START Source records

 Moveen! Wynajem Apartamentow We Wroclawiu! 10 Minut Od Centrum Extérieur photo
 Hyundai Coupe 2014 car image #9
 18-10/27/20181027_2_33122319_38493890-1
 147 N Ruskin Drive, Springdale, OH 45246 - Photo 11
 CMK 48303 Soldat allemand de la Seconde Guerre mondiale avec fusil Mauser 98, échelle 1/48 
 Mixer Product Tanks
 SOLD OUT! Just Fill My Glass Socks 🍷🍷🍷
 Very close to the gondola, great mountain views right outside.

END Source records

Only the span from the line with "18-10/27/20181027_2_33122319_38493890-1" through the final line of the records goes in the output, each line unchanged.

 18-10/27/20181027_2_33122319_38493890-1
 147 N Ruskin Drive, Springdale, OH 45246 - Photo 11
 CMK 48303 Soldat allemand de la Seconde Guerre mondiale avec fusil Mauser 98, échelle 1/48 
 Mixer Product Tanks
 SOLD OUT! Just Fill My Glass Socks 🍷🍷🍷
 Very close to the gondola, great mountain views right outside.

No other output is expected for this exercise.